| Exercise |
Quote the listing below in its entirety, omitting every image.

= Beginning of Section =

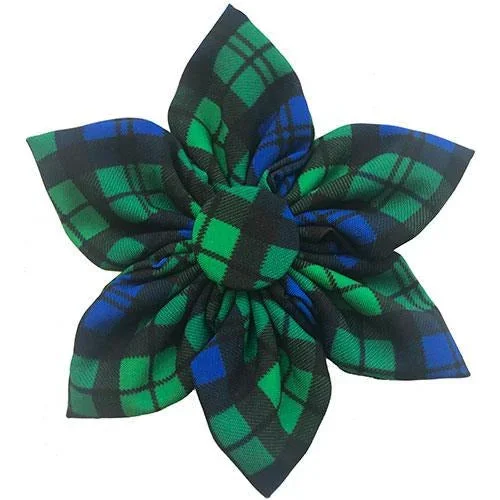 Huxley & Kent – Blackwatch Plaid Pinwheel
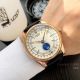 Baselworld Rolex Cellini Moon phase Copy Watches Rose Gold Blue Stick (2)_th.jpg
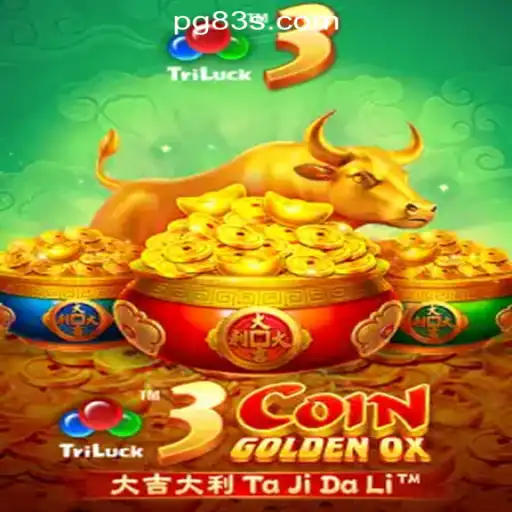 Exploring the Thrills of 3CoinGoldenOX: A Premier Slot Game Experience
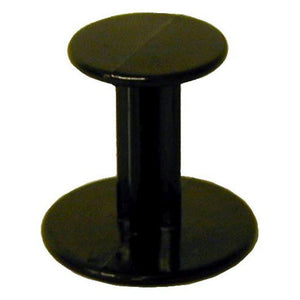 COFFEE TAMPER BLACK PLASTIC 48/57MM - The Coffee Machine Collective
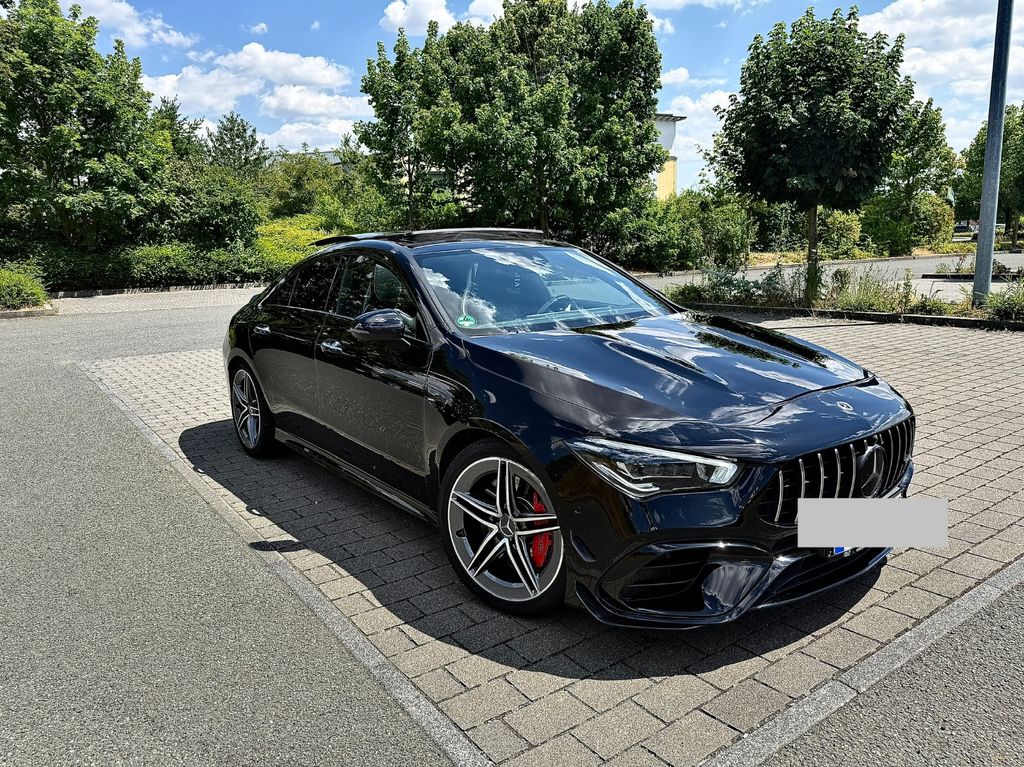 Image of Mercedes-Benz CLA 45 AMG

= End of Section =

| Response box |
 Huxley & Kent – Blackwatch Plaid Pinwheel
 Baselworld Rolex Cellini Moon phase Copy Watches Rose Gold Blue Stick (2)_th.jpg
 Exploring the Thrills of 3CoinGoldenOX: A Premier Slot Game Experience
 COFFEE TAMPER BLACK PLASTIC 48/57MM - The Coffee Machine Collective
 Image of Mercedes-Benz CLA 45 AMG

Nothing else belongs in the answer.